Tami has become an accomplished genealogist and family historian researching at the National Archives and Records Administration in Laguna Niguel, CA. "My mother's family got off the Mayflower (1620). I have Spanish in me too and some American Indian from Michoacán, Mexico. But I grew up with my dad's side of the family and my aunts. They were all Dutch from Elburg in the province of Gelderland, Netherlands."

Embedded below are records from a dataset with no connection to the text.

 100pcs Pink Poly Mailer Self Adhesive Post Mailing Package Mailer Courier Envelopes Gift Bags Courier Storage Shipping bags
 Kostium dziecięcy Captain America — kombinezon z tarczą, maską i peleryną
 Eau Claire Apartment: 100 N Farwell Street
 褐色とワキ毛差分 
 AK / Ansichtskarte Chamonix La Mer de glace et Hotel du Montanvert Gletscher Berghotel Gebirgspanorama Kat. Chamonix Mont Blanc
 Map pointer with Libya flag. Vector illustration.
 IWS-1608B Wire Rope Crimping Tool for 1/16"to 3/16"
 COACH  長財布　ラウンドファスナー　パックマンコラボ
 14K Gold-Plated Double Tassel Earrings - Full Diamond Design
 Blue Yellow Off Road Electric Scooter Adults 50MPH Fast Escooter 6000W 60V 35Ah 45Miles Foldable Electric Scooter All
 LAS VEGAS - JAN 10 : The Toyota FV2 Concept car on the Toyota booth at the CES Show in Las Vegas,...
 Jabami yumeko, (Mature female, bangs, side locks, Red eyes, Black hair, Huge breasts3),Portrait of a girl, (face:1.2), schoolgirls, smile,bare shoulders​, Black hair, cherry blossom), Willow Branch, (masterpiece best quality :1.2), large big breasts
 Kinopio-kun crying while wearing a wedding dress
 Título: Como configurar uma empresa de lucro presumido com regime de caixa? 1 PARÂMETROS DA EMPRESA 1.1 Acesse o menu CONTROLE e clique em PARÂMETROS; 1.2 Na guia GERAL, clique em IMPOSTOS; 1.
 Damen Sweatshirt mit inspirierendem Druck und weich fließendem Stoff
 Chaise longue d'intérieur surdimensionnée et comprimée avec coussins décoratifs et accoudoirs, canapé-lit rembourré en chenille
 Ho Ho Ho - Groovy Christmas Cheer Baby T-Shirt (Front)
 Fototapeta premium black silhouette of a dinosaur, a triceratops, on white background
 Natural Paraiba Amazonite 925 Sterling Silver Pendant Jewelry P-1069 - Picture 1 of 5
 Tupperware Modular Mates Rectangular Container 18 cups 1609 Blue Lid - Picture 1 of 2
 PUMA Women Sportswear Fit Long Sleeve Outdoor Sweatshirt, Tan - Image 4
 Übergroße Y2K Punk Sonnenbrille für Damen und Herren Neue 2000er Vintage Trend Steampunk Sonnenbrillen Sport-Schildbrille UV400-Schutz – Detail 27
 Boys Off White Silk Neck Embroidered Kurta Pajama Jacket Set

South Orange County is also the home of the Laguna Niguel California Family History Center. This center harbors centuries-old records. It was while trying to find out more about her maternal family that Tami ended up learning more about her father's kin. "It is amazing how much history you learn just through doing genealogy. My great-grandfather died January 15, 1863, in the American Civil War (1861-1865) of Typhoid fever. His father fought in the War of 1812 and his great grandfather in the Revolutionary War (1775-1783)." All of them were mainly Irish descent, originally from the southwestern part of Northern Ireland. They settled in Vermont, New York, Massachusetts, Ohio, Michigan, and Iowa.
Tami's love for genealogy and history does not surpass her commitment to empowering young women through the Girls Scouts. Working closely with her daughter's troop out of Long Beach, Tami spends most of her spare time carrying out community service, including composting at the Victory Garden in Long Beach and planting trees throughout Southern California. The troop also helps out at marathons, participates in flag ceremonies and parades, serve meals to those in need, and get involved in events like Angel Tree where they collect toys for families in need during the holidays. "Our troop is made up of 8th and 9th graders. They are high achieving girls. Three of them will more than likely sell over 1,000 Girl Scouts Cookies. Through these sales, the girls learn how to work with people, do their marketing campaign, take inventory, manage cash flow, and set budgets for the funds they raise."
Tami still lives in the Cerritos, Artesia area in what used to be her grandmother's home. The farms have now all moved to Chino and Mira Loma near Riverside, CA. Some of the farmers of Dutch-descent, like her cousins, have even moved as far north to Washington state where they still produce dairy. Tami can tell you a lot about Southern California. She is warm and witty, and she will guide you through the dizzying paperwork that the university will sometimes require of you. "When you work in a university, it is kind of like a little city. It is also similar to the theater. I smile and try to do what I can for any request that comes to my door."